ラヴェル:左手のためのピアノ協奏曲
(P)パウル・ウィトゲンシュタイン ブルーノ・ワルター指揮 ロイヤル・コンセルトヘボウ管弦楽団 1937年2月28日録音
よく知られているように、この作品をラヴェルに依頼したピアニストは、パウル・ウィトゲンシュタインです。
彼は戦争で右腕を失ったために、当初は普通の協奏曲を左手だけで演奏できるように編曲して演奏会を開いていたのですが、やがては有名な作曲家に「左手のための協奏曲」を依頼するようになります。
そして、彼が依頼をしたのはラヴェルだけでなく、リヒャルト・シュトラウス、ブリテン、ヒンデミット、プロコフィエフ等という錚錚たるメンバーでした。
しかしながら、そうやって作られた作品の中で、今もよく演奏されるのはこのラヴェルの「左手のためのピアノ協奏曲」くらいです。

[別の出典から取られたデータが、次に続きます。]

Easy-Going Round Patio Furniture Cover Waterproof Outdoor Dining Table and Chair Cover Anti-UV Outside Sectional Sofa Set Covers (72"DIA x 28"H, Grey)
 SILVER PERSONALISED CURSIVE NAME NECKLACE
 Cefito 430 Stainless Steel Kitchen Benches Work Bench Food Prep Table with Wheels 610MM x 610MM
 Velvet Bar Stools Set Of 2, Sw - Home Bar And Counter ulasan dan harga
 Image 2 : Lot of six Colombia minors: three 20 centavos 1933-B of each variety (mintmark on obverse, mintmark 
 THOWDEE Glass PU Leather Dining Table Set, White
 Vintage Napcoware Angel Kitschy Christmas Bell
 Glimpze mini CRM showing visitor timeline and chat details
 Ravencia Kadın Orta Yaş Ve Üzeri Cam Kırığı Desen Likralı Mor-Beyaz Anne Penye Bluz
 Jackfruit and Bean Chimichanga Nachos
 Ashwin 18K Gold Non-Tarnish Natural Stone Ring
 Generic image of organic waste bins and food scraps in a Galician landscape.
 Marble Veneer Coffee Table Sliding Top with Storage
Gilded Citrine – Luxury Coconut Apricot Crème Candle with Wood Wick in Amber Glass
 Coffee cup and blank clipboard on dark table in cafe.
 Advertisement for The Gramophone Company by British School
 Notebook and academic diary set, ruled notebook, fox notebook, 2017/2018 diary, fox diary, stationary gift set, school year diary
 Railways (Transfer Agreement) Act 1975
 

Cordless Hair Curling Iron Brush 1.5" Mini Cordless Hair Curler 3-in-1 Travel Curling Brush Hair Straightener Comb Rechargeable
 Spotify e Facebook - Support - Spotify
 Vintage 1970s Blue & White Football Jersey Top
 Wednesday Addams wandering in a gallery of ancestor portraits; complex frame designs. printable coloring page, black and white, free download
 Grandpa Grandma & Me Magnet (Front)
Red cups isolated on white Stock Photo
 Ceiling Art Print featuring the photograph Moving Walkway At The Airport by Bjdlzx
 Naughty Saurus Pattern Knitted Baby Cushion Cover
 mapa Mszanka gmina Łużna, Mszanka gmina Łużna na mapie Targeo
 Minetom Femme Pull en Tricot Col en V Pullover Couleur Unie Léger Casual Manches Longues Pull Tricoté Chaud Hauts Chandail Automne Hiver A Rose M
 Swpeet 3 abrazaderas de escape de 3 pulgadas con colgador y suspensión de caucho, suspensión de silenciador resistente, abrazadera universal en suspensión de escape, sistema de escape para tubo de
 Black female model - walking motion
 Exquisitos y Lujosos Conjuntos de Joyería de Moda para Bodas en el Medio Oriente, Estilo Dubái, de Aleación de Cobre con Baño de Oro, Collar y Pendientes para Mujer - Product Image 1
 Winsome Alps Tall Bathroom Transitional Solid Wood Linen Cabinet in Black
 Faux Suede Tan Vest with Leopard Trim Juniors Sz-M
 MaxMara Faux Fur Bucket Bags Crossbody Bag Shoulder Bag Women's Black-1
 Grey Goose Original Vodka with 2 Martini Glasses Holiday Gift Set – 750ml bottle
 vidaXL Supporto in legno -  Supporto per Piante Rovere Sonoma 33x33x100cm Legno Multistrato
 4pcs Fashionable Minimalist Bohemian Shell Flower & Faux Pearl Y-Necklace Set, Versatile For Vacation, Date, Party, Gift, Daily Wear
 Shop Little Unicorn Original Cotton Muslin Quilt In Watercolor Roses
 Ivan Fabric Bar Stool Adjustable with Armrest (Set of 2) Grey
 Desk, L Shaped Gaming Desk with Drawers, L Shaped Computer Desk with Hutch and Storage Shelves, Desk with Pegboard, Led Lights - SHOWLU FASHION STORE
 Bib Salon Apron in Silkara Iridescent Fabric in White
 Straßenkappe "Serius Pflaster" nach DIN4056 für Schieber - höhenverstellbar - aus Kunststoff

その事はあらためて、ラヴェルという人が生粋の音楽職人だったことに気づかされます。
職人というのは、依頼主の依頼に応えて、その枠の中でこそ才能を発揮する存在です。
何でもいいですから、あなたの好きなようにご自由に・・・といわれるよりは、細かく仕様を決められた中で、その「限定された不自由」さの中でこそ、才能を自由に羽ばたかせることのできる人だったように思います。
そんなラヴェルとにとって、戦争で右腕を失ったピアニストから「左手だけで演奏できる協奏曲を書いてください」というのは、まさにど真ん中のストレートともいうべき依頼だったでしょう。
ラヴェルこそは、限定された不自由さの中でこそ自由に羽ばたくことのできる音楽家だったのだと思います。
この録音はそんなウィトゲンシュタイン自身による貴重な演奏です。
指揮者がブルーノ・ワルター、オーケストラもコンセルトヘボウという豪華さで、花を添えています。